Blog

adfPy: an intuitive way to build data pipelines with Azure Data Factory

25 Jul, 2022
Xebia Background Header Wave

In a previous post, we took a look at how to dynamically generate Azure Data Factory (ADF) resources. In that approach, our base premise was to use YAML files containing configuration to generate ADF pipelines using a custom Python script with Jinja2 templating. While it worked, it was still a bit cumbersome and presented some problems in terms of development flow.
In this post, we’ll be showing how adfPy, an open source project, solves most of these problems and aims to make the development experience of ADF much more like that of Apache Airflow.

Recap: Why do we want to do this?

Dynamically generating data pipelines is something that many of us will want to do at some point when working with any pipeline orchestration tool, be it Azure Data Factory or something else. It reduces the amount of work needed to add new data pipelines (for adding new data source ingestion pipelines for example), and it ensures that all pipelines behave in a similar way. Moreover, the configuration we propose to use tends to be easier to understand and work with for non-technical people. As in our previous post, we will look at a relatively simple example:

adf pipeline

In words, this pipeline performs the following steps:

  1. Fetch the data from the source database
  2. Place the data in the landing zone
  3. Ingest the data into our Data Lake using the schema information provided

The configuration for this is YAML, and looks as follows:

meta:
  name: my_data
  trigger:
    frequency: "@daily"
dataFlowSettings:
  source:
    dataset: source
  landing:
    dataset: landing
    path: "dbfs:/landing"
  ingested:
    dataset: ingested
    path: "dbfs:/datalake"
dataDefinitions:
  tables:
  - table: my_table
    schema: my_schema
    database: my_database
    target:
      uniqueIdColumns:
      - id
      database: target_database
      table: target_table
    columns:
    - source:
        name: id
        type: VARCHAR2(3)
      target:
        name: id
        type: string
        nullable: false
    - source:
        name: value
        type: VARCHAR2(4)
      target:
        name: value
        type: string
        nullable: true

Using this information, we want to be able to programmatically generate the ADF pipeline. Re-iterating the requirements from our previous blogpost:

  1. Configuration of pipelines is stored in version control, in some easy-to-read format. For the scope of this blogpost, we’ll narrow this down to YAML but you can use any file-format you like.
  2. Creation and removal of pipelines should be automated based on the configuration mentioned in point 1
  3. Updating of pipelines should be easy. Instead of having to change N pipelines, we want to be able to change the template, which is then automatically reflected in the pipelines.

Introducing adfPy

adfPy is an open source Python package that enables you to interact with Azure Data Factory in an elegant, pythonic way. It also includes tooling to ensure reliable deployment of your ADF resources to ADF (including removal). Its syntax has been made to mimic that of Apache Airflow as much as possible, as this allows for clean pipeline definitions in code.

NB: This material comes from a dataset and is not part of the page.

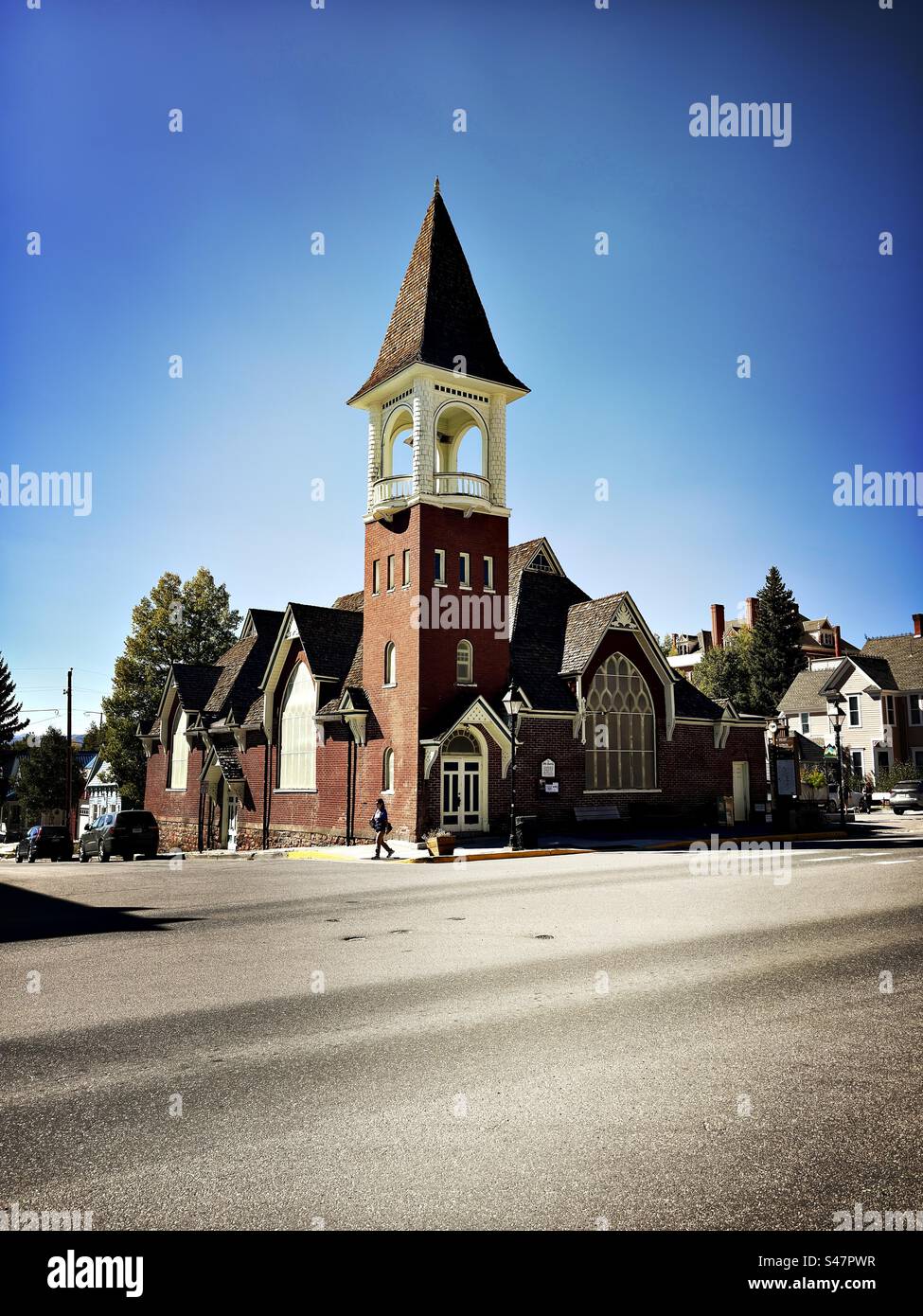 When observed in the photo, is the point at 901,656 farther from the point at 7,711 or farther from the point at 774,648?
the point at 7,711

Azure Data Factory Python SDK

Azure has a Python SDK available for ADF. It is, however, rather verbose and not very nice to work with. To create the pipeline discussed above, the required code would be:

import os
import pathlib
from datetime import datetime

import yaml
from azure.identity import ClientSecretCredential
from azure.mgmt.datafactory import DataFactoryManagementClient
from azure.mgmt.datafactory.models import (
    BlobSink,
    OracleSource,
    CopyActivity,
    DatasetReference,
    DatabricksSparkPythonActivity,
    PipelineResource,
    PipelineReference,
    ActivityDependency,
    ScheduleTrigger,
    ScheduleTriggerRecurrence,
    TriggerResource,
    TriggerPipelineReference
)

def load_yaml(path):
    with open(path, 'r') as file:
        return yaml.safe_load(file)

config = load_yaml(f"{pathlib.Path(__file__).parent}/pipeline_config.yml")
dataFlowSettings = config["dataFlowSettings"]

dsin_ref = DatasetReference(reference_name=dataFlowSettings["source"]["dataset"])
dsOut_ref = DatasetReference(reference_name=dataFlowSettings["landing"]["dataset"])
extract = CopyActivity(name='Extract data',
                       inputs=[dsin_ref],
                       outputs=[dsOut_ref],
                       source=OracleSource(),
                       sink=BlobSink())

ingestion_parameters = [
    "--source_path",
    dataFlowSettings['landing']['path'],
    "--data_schema",
    config["dataDefinitions"]['tables'],
    "--target_path",
    dataFlowSettings['ingested']['path']
]

ingest = DatabricksSparkPythonActivity(
    name="Ingest Data",
    python_file="my_ingestion_script.py",
    parameters=ingestion_parameters,
    depends_on=[ActivityDependency(activity="Extract data", dependency_conditions=["Succeeded"])])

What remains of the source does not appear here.